Trump has alienated far too many people and whole organizations. The last straw was criticizing women and groping them. I have long been pro-feminist, an ardent proponent of woman’s rights. I supported the Equal Rights Amendment that was never ratified.
So how will I vote for president today? “None of these candidates,” an option we are fortune to have in Nevada.
OREGON VOTING EASIER
Oregon is the best in the nation when it comes to easy voting.
You go to the Department of Motor Vehicles in Oregon and can register to vote.
In Oregon, you can register online.
You can pre-register to vote when you’re 17 in Oregon.
In Oregon, there is a movement to mobilize young people and engage them in the political process.
Oregon became the first state in the country to register eligible citizens to vote when they obtain or renew their driver’s licenses or get state IDs.
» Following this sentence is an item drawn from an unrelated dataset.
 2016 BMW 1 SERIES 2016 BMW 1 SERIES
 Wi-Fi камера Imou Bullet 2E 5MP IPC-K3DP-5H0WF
These glad tidings were brought to you by Lornet Turnbull, Seattle-based freelance writer, in a dispatch on Truthout.
EVERY POLITICIAN A POPULIST
The Nation magazine, which should know better, is now calling Trump a “right-wing populist.” He certainly is not.
Populism is a sacred left-wing name in the history of U.S politics. It dates from the People’s Party, or Populist Party, in the 1890s. Its party platform in 1892, mostly written by farmers and “common folk,” called for:
“The abolition of national banks, a graduated income tax, direct election of U.S. senators, civil service reform, a working day or eight hours and government control of all railroads, telegraphs and telephones.”
While some of these reforms have been enacted, some unfortunately were not. Nevertheless, you can see how radical the platform was when written in 1892–and still is.
The Nation magazine shares the guilt with many other publications in America, which call every half-baked politician populist and ever party platform populism.
The Populist Party folded into the Democratic Party under William Jennings Bryan in 1896. But the Populists made third-party inroads, capturing 11 seats in the House of Representatives, several governorships and the legislatures of Kansas, Nebraska and North Carolina.
HARVARD STIFFS WORKERS
“Workers of the world, unite! You have nothing to lose but your chains!”
Karl Marx and Friedrich Engels in “Communist Manifesto” (1848)
Workers are no longer in metaphorical chains but most are still underpaid.
Harvard University, the richest college in the world, underpays its 700 cafeteria union workers, so much so that that recently they went on strike for the first time in three decades.
The picketers chant and hold signs in English, Spanish and Portuguese. The three languages are to be expected at brilliant Harvard U. But underpayment is not.
The workers are making $22 an hour, three times the minimum wage. Fine. But, they also pay costly health insurance required by the university.
The real sticking point is that the campus is closed for three months every summer and six weeks at mid-term. They are not paid those days nor paid on holidays when they are working. The cafeteria workers have a hard time getting a job for three months in the summer or six weeks at midterm when the campus is shut.
Many of the workers must take temporary work at low pay. The workers scramble to live in the summer, especially if they live nearby in expensive Boston.
Harvard, “citadel of enlightenment,“ has a $36 billion endowment. It can raise $7 billion quickly because of its rich alumni. And: the fat-cat administration had a $63 million operating surplus in 2015.